FISCO, EDILIZIA E INDUSTRIA PER RIPARTIRE

Credo che di questi tempi bisogna porsi una domanda: qualcuno si sta occupando della nostra industria?

Autorevoli governanti affermano che con i propositi di accorciare i tempi di andata in pensione, di elargire il reddito a chi non ce l’ha, di assunzioni nella Pubblica Amministrazione ed altre provvidenze di redistribuzione, si potranno garantire spinte per l’economia, facendo leva sui consumi. Queste tesi, come dovrebbe sapere il ministro Tria, possono avere certamente quest’effetto, ma alla sola condizione, (soprattutto per chi ha un debito pubblico altissimo) di avere sotto controllo ed in efficienza, ogni caposaldo che ci porta crescita del reddito nazionale, per quello che riusciamo a vendere nel mercato interno e nei mercati internazionali. I consumi interni, come si sa, vanno male a causa delle tasse eccessive che pesano sui salari e sulle pensioni. Nonostante fino a qualche mese sembrasse che fosse la volta buona con la flat tax, poi, bruscamente, ci è stato annunciato che se ne dovrà parlare non si sa quando. Penso che sarebbe stata l’unica iniziativa utile che avrebbe gratificato l’attuale maggioranza di governo in cerca spasmodica di consensi, e aiutato considerevolmente famiglie ed imprese.

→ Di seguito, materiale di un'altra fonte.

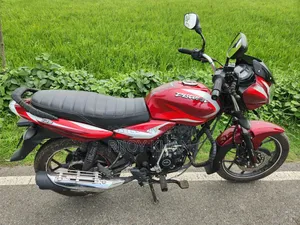 Bajaj Discover 125 2025 Red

L’industria delle costruzioni, in tutte le economie, viene utilizzata come volano per sostenere il PIL , attraverso la costruzione delle abitazioni, opere pubbliche e manutenzioni. Ma questo comparto così essenziale, ha subito colpi sempre più dolorosi: abitazioni oberati di crescenti tasse, opere pubbliche e manutenzioni, non sostenute da denari pubblici, per la crescente opposizione anti cemento. Per avere idea della decisivita’ dell’uso anticiclico dell’edilizia nella economia, basti elencare i tanti settori industriali che vengono coinvolti nelle opere: il ferro, l’acciaio, il legno, i laterizi e ceramiche, materiali elettrici e idraulici, cemento, plastiche e vetro, ed ancora tanti altri. Mi ha sempre molto colpito il detto molto comune in Francia, usato per significare la strategicita’ del settore, che poggia sull’insieme delle produzioni prima elencate; dice: “quand le batiment va, tout va”, quando l’edilizia va tutto va. Si spera ora che almeno sulla scia del clamore drammatico del ponte di Genova e dei crolli di altre strutture, palazzi, e di strade nazionali, provinciali e comunali (gran parte non mantenute da tempo), si apra una stagione straordinaria manutenzione.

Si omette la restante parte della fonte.